The Rhyme had to be ‘Han’ 

 

for Jordi and Flavia 

 

“For one evening the miasmic mists 

 by the wind have been rolled away” 

 

Granted that, once the fog has lifted,              

what do we see? The silhouette of a man 

carved into the hillside, at his wrists 

and ankles rings of moss, a nosegay 

of wildflowers placed by a prude 

over his cock, which hasn’t been …thrifted 

shall we say – a neologism, I admit, crude, 

and arguably uncalled-for, since ‘Han’  

was supposed to be the rhyme. 

 

The problem, though, is the same every time 

we write poems to order: that the world  

wriggles out from under us. In this case, 

a sudden crosswind has slyly whirled 

aloft the flowery figleaf, and the race  

is on between the punctual puritan 

and a returning miasma to reimpose 

decorum – but still, weren’t we supposed 

willy-nilly to make the rhyme ‘Han’? 

 

of which, I have to say, I am foolishly proud, under the circumstances.  

 

But it set me to thinking about writing to order generally. Of course, since the earliest times, poets have written – been required to write – paeans to the boss class. Horace, for one, wrote many lines in praise of Augustus, not always his best: Odes I, 2, for example, which ends “…hic ames dici pater atque princeps, / neu sinas Medos equitare inultos / te duce, Caesar.” Andrew Marvell, some centuries later, wrote (with a nod to his Roman predecessor) the rather surprising – though not wholly un-nuanced – ‘An Horatian Ode upon Cromwell’s Return from Ireland’ 

 

So restless Cromwell could not cease 

In the inglorious arts of peace, 

But thorough advent’rous war 

Urged his active star. 

And like the three-fork’d lightning, etc  

 

But the practice has lapsed somewhat in recent times, except for the variable efforts of British Poets Laureate. Betjeman’s ‘Death of George V’ was perhaps not a high point in his oeuvre: 

 

Spirits of well-shot woodcock, partridge, snipe 
Flutter and bear up the Norfolk sky: 
In that red house in a red mahogany book-case 
The stamp collection waits with mounts long dry. 

 

but Ted Hughes was sufficiently unashamed of his official efforts to make a book of them, Rain-Charm for the Duchy (1992) – and the title poem is at least OK, if not better than that. We will draw a veil over Amanda Gorman’s heroically bad ‘The Hill We Climb’, read, none the less, with admirable self-confidence at the Biden-Harris inauguration earlier this year. 

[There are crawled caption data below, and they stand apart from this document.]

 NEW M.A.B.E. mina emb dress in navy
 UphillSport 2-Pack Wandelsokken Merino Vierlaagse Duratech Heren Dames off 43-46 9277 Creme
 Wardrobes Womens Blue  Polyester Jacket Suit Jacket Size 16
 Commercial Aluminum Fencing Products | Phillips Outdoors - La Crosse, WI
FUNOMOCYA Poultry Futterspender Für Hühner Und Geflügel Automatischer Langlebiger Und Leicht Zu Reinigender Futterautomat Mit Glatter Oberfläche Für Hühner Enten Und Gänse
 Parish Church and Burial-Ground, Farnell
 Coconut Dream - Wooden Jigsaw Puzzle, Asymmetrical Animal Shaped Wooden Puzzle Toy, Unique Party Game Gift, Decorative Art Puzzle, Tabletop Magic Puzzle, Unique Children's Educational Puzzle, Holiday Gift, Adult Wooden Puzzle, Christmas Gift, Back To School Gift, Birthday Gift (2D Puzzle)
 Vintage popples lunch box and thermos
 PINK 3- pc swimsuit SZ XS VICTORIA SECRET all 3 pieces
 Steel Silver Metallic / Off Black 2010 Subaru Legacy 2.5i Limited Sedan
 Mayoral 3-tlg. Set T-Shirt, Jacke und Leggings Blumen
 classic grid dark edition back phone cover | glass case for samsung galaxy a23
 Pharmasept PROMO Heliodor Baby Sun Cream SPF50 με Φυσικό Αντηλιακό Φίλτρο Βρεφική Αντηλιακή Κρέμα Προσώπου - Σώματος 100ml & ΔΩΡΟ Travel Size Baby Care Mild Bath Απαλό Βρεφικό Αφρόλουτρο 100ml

Not all poems-to-order are political, though, and there are a number of still-flourishing genres of more intimate ‘occasional poems’ – epithalamia, birth poems, elegies, poems prompted by Catalan film-directors… – some of which, having gone on long enough today, I will have a look at next time. 

20.07.2021 

MACNEICE AGAIN. There was a tradition with some of the masters at my school that the last lesson on Saturday morning – which was the last lesson of the week – should be dedicated to reciting poems chosen at will and learned by heart, whose authors the form master had to guess. One classicist in particular, evidently not a great reader of modern poetry, would always ask tentatively of anything written post First World War: “Is it, is it MacNeeesss?”. And for a long time – still, to some extent – I too have thought of MacNeice’s ‘Snow’ (“The room was suddenly rich and the great bay-window was / Spawning snow and pink roses against it / Soundlessly collateral and incompatible…”) as a sort of emblematic modern poem. I have always had a bit of a problem, though, with the last line: “There is more than glass between the snow and the huge roses.” I feel like saying, “Well, like what, Louis?” None of the commentaries I have read supply a satisfactory answer. Similarly, I always want to ask William Carlos Williams what, exactly, “depends / upon / a red wheelbarrow etc”. Again, there are some unsatisfactory – and some wonderfully silly – answers to be found here and there on the internet. No doubt the fault is with me: I confess I have an instinctive impatience with this sort of gnomic utterance left hanging in the air. How much more admirably straightforward is Auden’s conclusion to his ‘First Things First’:

 

Grateful, I slept till a morning that would not say 
How much it believed of what I said the storm had said
But quietly drew my attention to what had been done
 – So many cubic metres the more in my cistern
 Against a leonine summer–, putting first things first:
 Thousands have lived without love, not one without water.

 

 

11.06.21

 

When we were children words were coloured
(Harlot and murder were dark purple)…

(Louis MacNeice, ‘When we were children’)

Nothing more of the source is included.